A computação quântica vai acabar com o Bitcoin e a mineração? Isso é alarmismo?

Em 31 de março de 2026, o Google Quantum AI, subsidiária do Google, publicou um white paper que gerou ampla atenção, afirmando que os recursos necessários para que um computador quântico futuro quebresse a criptografia do Bitcoin seriam cerca de 20 vezes menores do que as estimativas anteriores. Essa pesquisa rapidamente aqueceu discussões na indústria, e o grande título “Computador quântico quebra o Bitcoin em 9 minutos” começou a se espalhar pelo mercado. Mas, para ser honesto, esse tipo de pânico ocorre uma ou duas vezes por ano; só que desta vez, por estar apoiado pelo nome do Google, soou especialmente assustador.

Fizemos uma análise sistemática do documento de 57 páginas e de várias pesquisas-chave publicadas na mesma época, para desmontar a credibilidade das afirmações relacionadas, entender qual é o impacto real do desenvolvimento da computação quântica na criptomoeda e na mineração, e avaliar em que estágio estão os riscos associados, se eles realmente são iminentes.

REAVALIANDO OS RISCOS TECNOLÓGICOS

Tradicionalmente, a segurança do Bitcoin baseia-se em uma relação matemática unidirecional. Ao criar uma carteira, o sistema gera uma chave privada, e a chave pública é derivada dela. Ao usar o Bitcoin, o usuário precisa provar que possui a chave privada, mas não a revela diretamente; em vez disso, gera uma assinatura criptográfica que pode ser verificada na rede. Essa mecânica é segura porque computadores modernos levariam bilhões de anos para derivar a chave privada a partir da pública, ou seja, quebrar o algoritmo de assinatura digital de curva elíptica (ECDSA) levaria muito mais tempo do que é viável atualmente, fazendo com que a blockchain seja considerada, do ponto de vista criptográfico, praticamente inviolável.

Porém, a chegada do computador quântico rompe essa regra. Seu funcionamento é diferente: ele não verifica uma chave de cada vez, mas explora todas as possibilidades simultaneamente, usando efeitos de interferência quântica para encontrar a chave correta. Por exemplo, um computador clássico é como alguém tentando abrir uma porta escura com várias chaves, uma por uma; um computador quântico seria como ter várias chaves mestras que podem abrir todas as fechaduras ao mesmo tempo, chegando mais rapidamente à resposta correta. Se um computador quântico for suficientemente poderoso, um atacante poderá derivar rapidamente a chave privada a partir da chave pública exposta, e assim falsificar uma transação, transferindo seus bitcoins para sua própria conta.
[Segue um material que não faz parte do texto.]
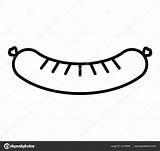 Sausage Coloring Sausages Template Silhouette Pages 84kb 418px sketch template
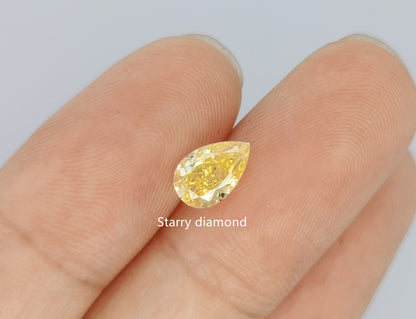 1.0ct Pear Shape Cut Fancy Yellow Lab Grown Diamond/ Lab Yellow Diamond Ring/Affordable Colored Diamonds/ April Birthstone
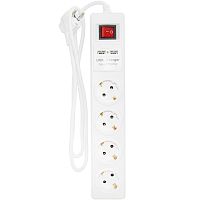 Удлинитель U-4g-3m-Z-V-USB с 4 евророзетками и 2 USB-портами (с/з, с/в) 3м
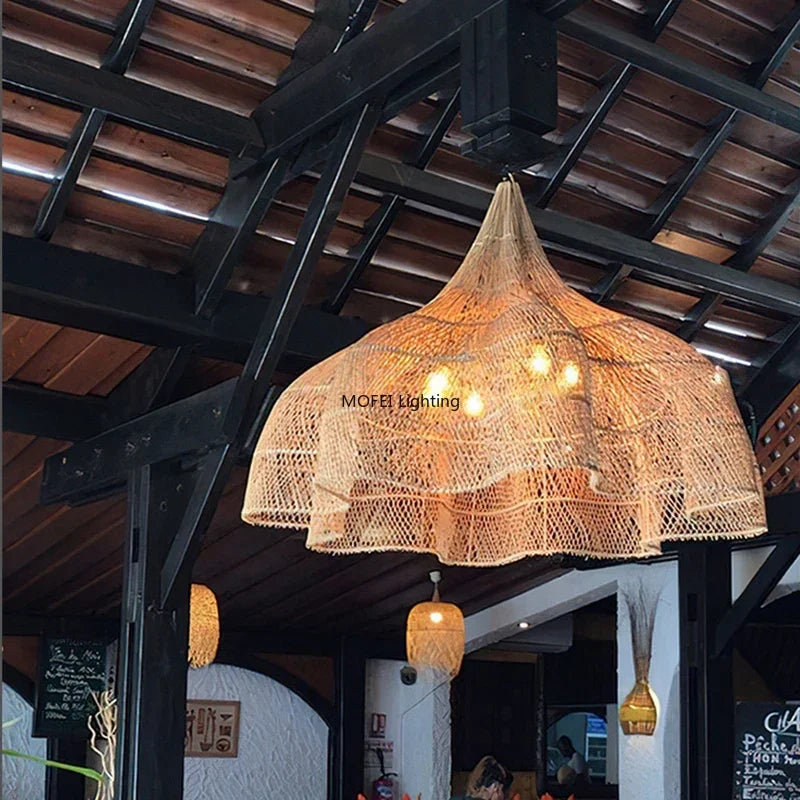 Wabi-Sabi Rattan Pendant Chandelier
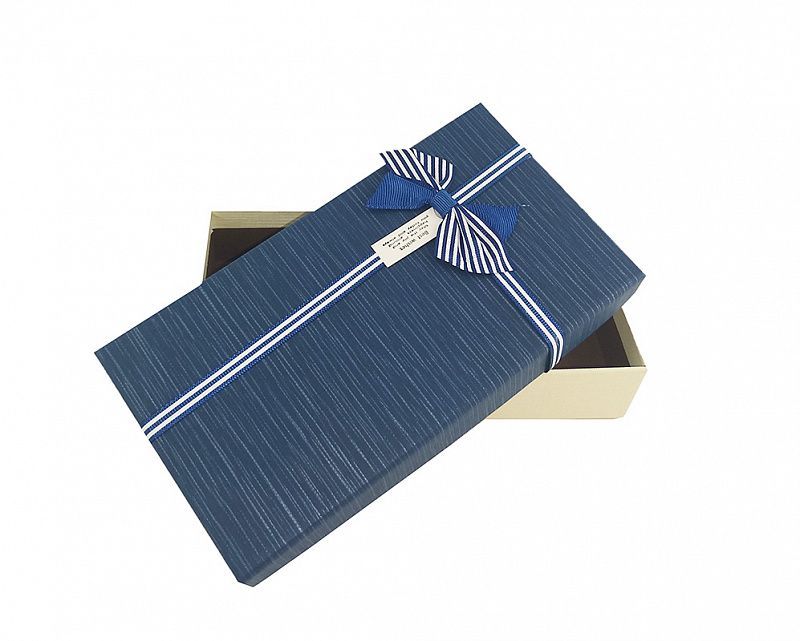 Коробка подарочная "Классика" Синий с лентой и бантом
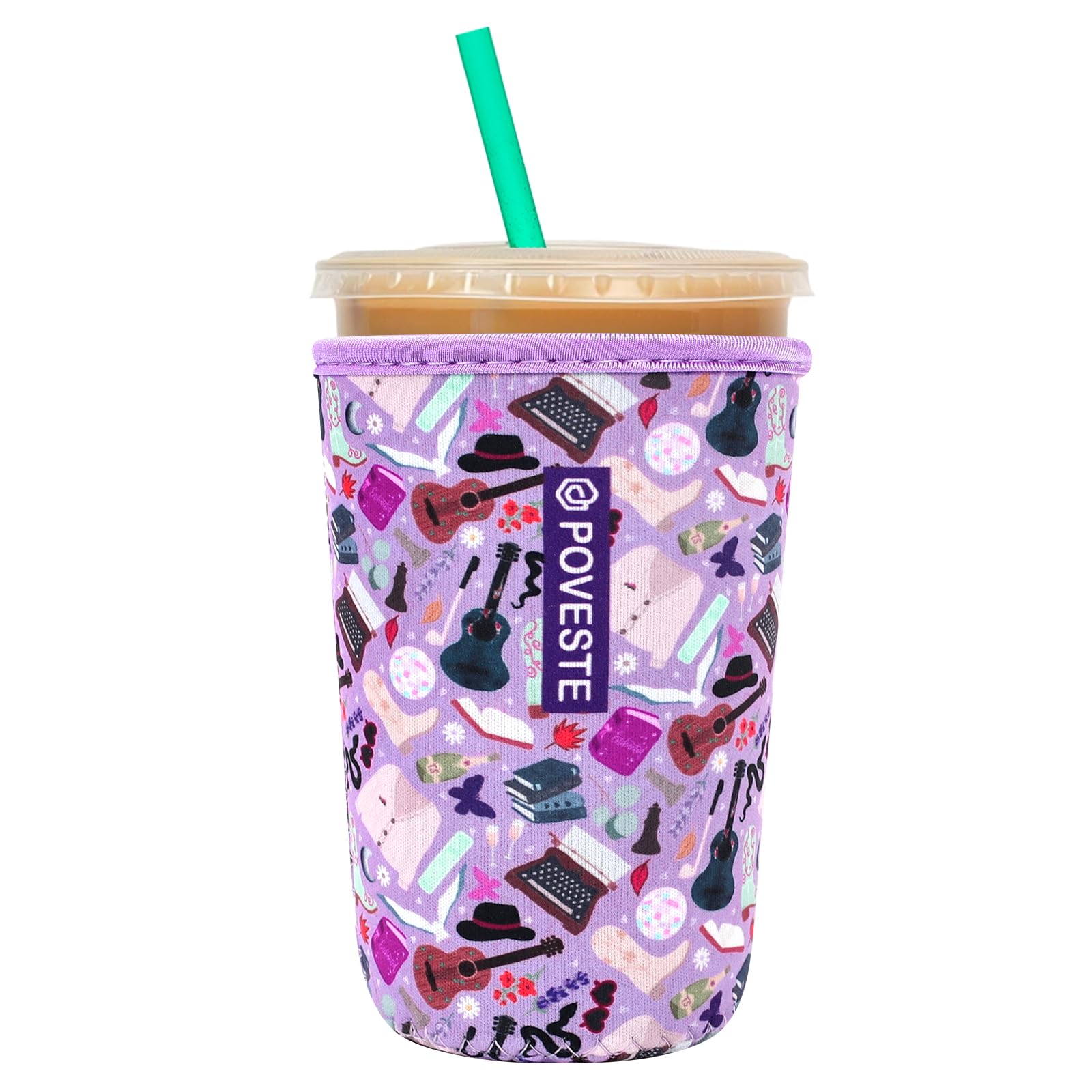 Reusable Neoprene Insulator Sleeve for Iced Coffee &amp; Cold Soda, Coffee Sleeves for Iced &amp; Hot Drinks, Cold Beverage Cooler Compatible with Starbucks, Dunkin (On Tour Purple, Medium: 22-24oz)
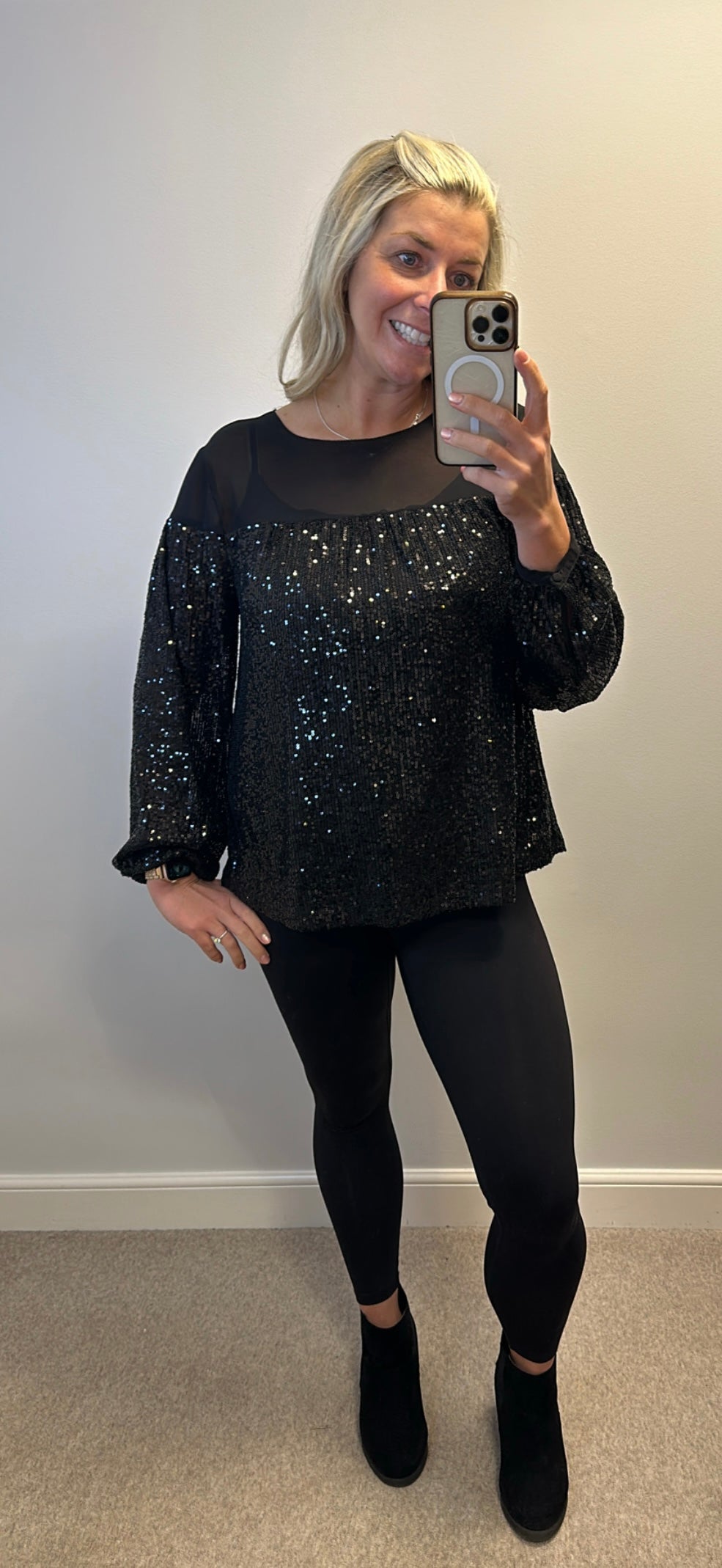 Next Black sequin top size 16 petite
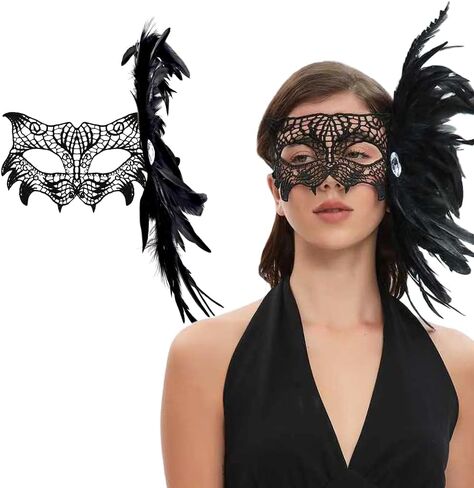 Fox Lace Masquerade Mask for Women, Colorful Feather Eye Mask with Elastic Strap, Costume for Halloween Party in Saudi Arabia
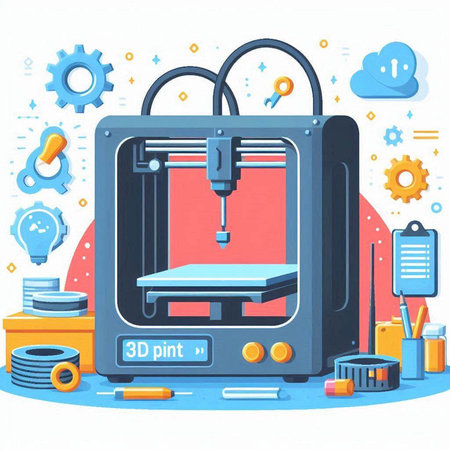 3d printer. Vector illustration in flat style. Isolated on white background.のイラスト素材
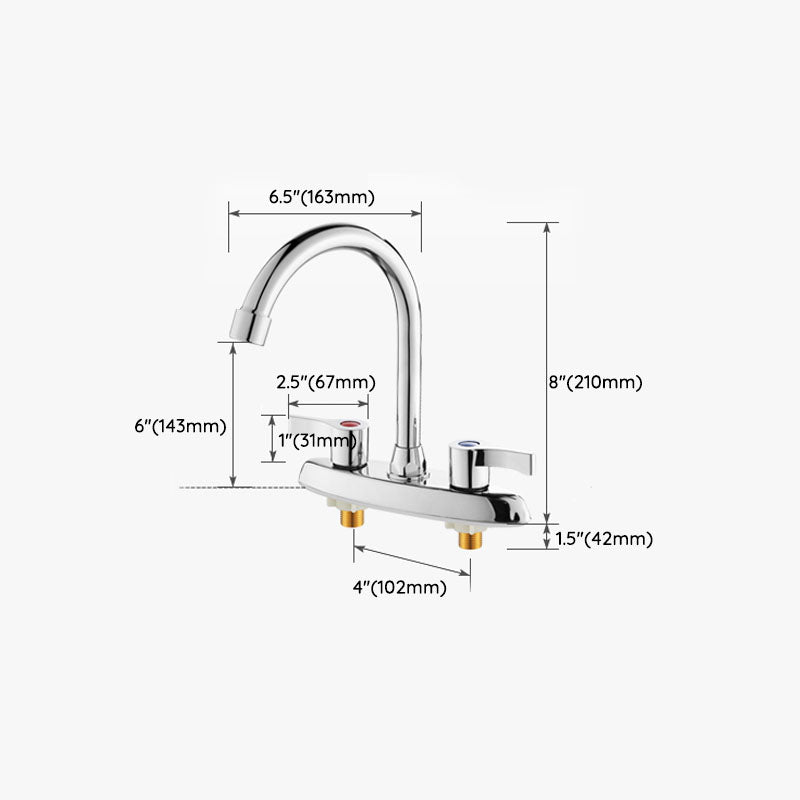 Avtoit | Modern Center Set Mixer Tap Chrome 2 Knob Handles Swivel Spout Basin Mixer Tap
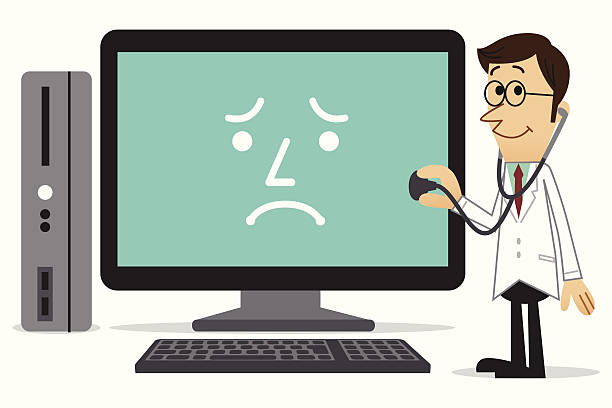 narzędzia pc doctor - computer bug stethoscope computer problems stock illustrations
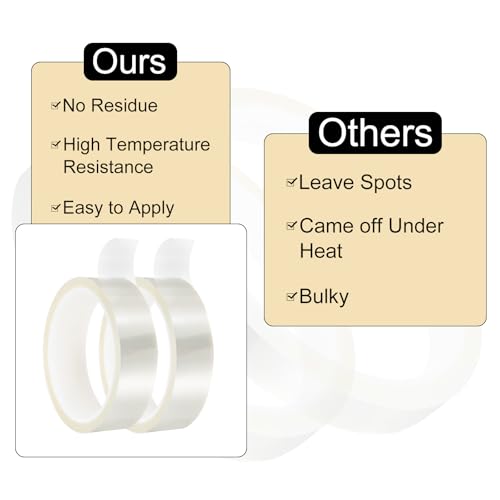 uxcell Clear Heat Tape, 1 Roll 25mmx33m 108ft High Temperature Heat Resistant Tape for Sublimation,Heat Vinyl Press,Heat Transfer, Circuit Board, No Residue - color: Clear, size: 25mmx33m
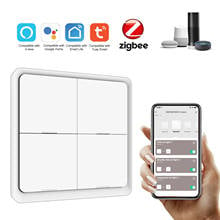 Tuya ZigBee Wireless Smarts Scene Switch 4 Road Slab Scene Keys Switch Tuya Smarts Home Assistant 4 Gang Scenario Switch 2024 - buy cheap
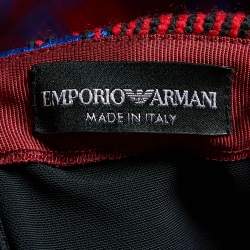 Emporio Armani Red & Blue Jacquard Strapless Mini Dress S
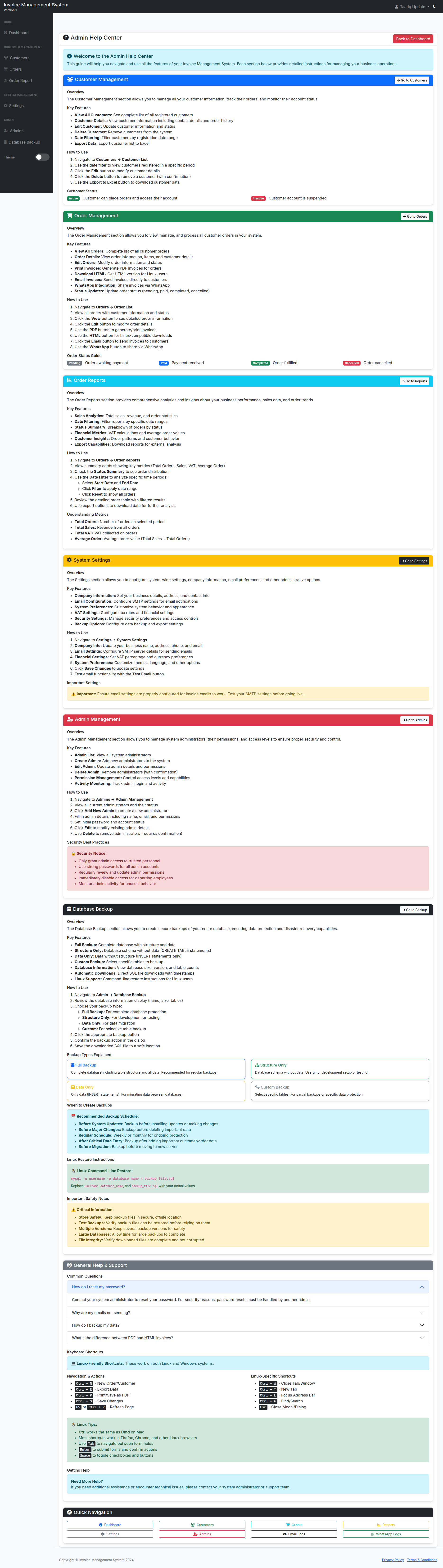 Built-in admin help centre with documentation
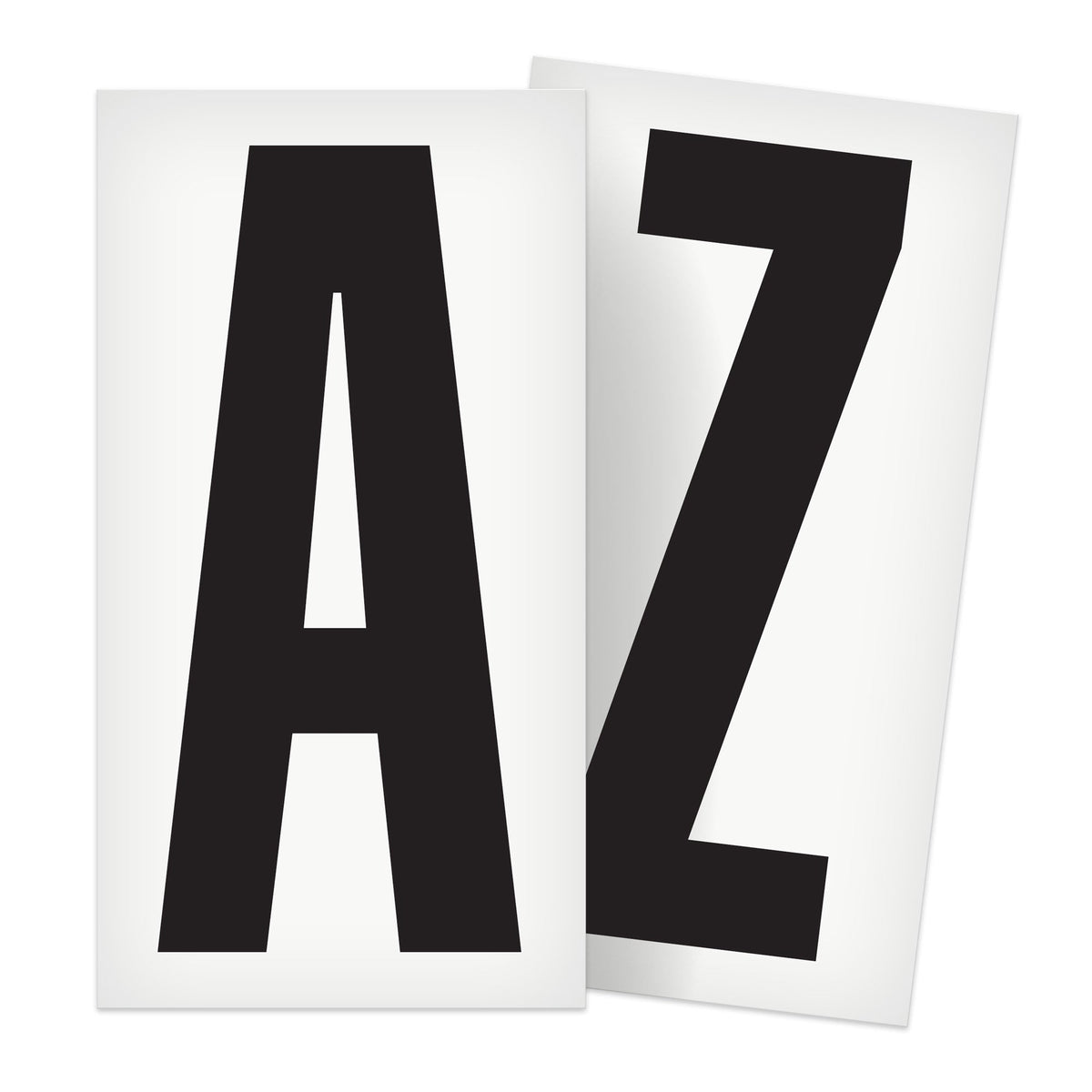 BC02LTKIT Butt Cut Black on White Adhesive VynMark® Decal Marker Kit  2 Inch High Letters (600 /pkg)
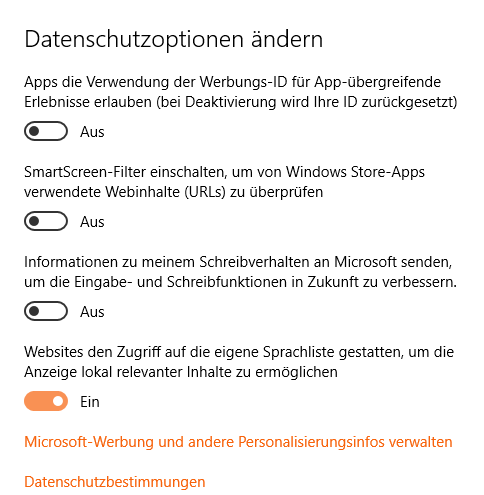 Datenschutzoptionen unter Windows 10 | Bild: Screenshot 2ndsoft.de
Uma vez que esse ataque aconteça, devido à irreversibilidade das transações na blockchain, será difícil recuperar os ativos.

Em 31 de março de 2026, o Google Quantum AI, em parceria com a Universidade de Stanford e a Fundação Ethereum, publicou um white paper de 57 páginas. O núcleo do documento é avaliar a ameaça que a computação quântica representa para o algoritmo de assinatura digital de curva elíptica (ECDSA). A maioria das blockchains e criptomoedas usa criptografia de curva elíptica de 256 bits baseada no problema do logaritmo discreto (ECDLP-256) para proteger carteiras e transações. A equipe de pesquisa descobriu que os recursos quânticos necessários para quebrar o ECDLP-256 já foram significativamente reduzidos.

Eles desenvolveram um circuito quântico que executa o algoritmo de Shor, especialmente para derivar a chave privada a partir da pública. Esse circuito precisa rodar em um tipo específico de computador quântico, que é baseado em arquitetura de supercondutores. Essa é a principal tecnologia atualmente desenvolvida por empresas como Google e IBM, caracterizada por alta velocidade de processamento, mas que requer temperaturas extremamente baixas para manter a estabilidade dos qubits. Sob a hipótese de que o hardware atenda aos padrões do processador quântico de ponta do Google, esse ataque poderia ser realizado em poucos minutos usando menos de 500 mil qubits físicos. Esse número representa uma redução de cerca de 20 vezes em relação às estimativas anteriores.

Para avaliar de forma mais intuitiva essa ameaça, a equipe realizou simulações de quebra. Eles inseriram o circuito mencionado em um ambiente de transações reais do Bitcoin e descobriram que uma máquina quântica teórica poderia derivar a chave privada a partir da pública em cerca de 9 minutos, com uma taxa de sucesso de aproximadamente 41%. Como o tempo médio para um bloco no Bitcoin é de 10 minutos, isso significa que cerca de 32% a 35% da oferta total de bitcoins estaria vulnerável, pois suas chaves públicas já estariam expostas na cadeia, enfrentando risco de ataque estático. Além disso, um atacante poderia, teoricamente, interceptar uma transação antes de sua confirmação, roubando fundos em tempo real. Embora máquinas quânticas com essa capacidade ainda não existam, essa descoberta estende o risco de ataque de “colheita de ativos estáticos” para “interceptação de transações em tempo real”, gerando grande ansiedade no mercado.

O Google também forneceu uma informação adicional importante: a empresa antecipou sua data limite interna para migrar para a criptografia pós-quântica (PQC) para 2029. Em termos simples, essa migração consiste em trocar os sistemas que dependem de RSA e criptografia de curva elíptica por sistemas resistentes à computação quântica. Antes do lançamento do white paper, essa era uma tarefa de longo prazo, planejada para ocorrer até 2030, com a fase de desativação completa até 2035, segundo o Instituto Nacional de Padrões e Tecnologia dos EUA (NIST). A indústria acreditava que tinha cerca de dez anos para se preparar. No entanto, com base nos avanços recentes do Google em hardware quântico, correção de erros quânticos e recursos de fatoração quântica, a empresa concluiu que a ameaça quântica está mais próxima do que se pensava, e decidiu antecipar sua data limite para 2029. Isso reduz o ciclo de preparação do setor e envia um sinal de que o progresso na computação quântica é mais rápido do que o esperado, exigindo que as atualizações de segurança sejam aceleradas. Embora seja um marco importante, essa pesquisa também aumentou a ansiedade na mídia. Como devemos encarar racionalmente esse impacto?

DEVO REALMENTE PREOCUPAR-SE?

  1. A computação quântica pode tornar toda a rede Bitcoin inoperante?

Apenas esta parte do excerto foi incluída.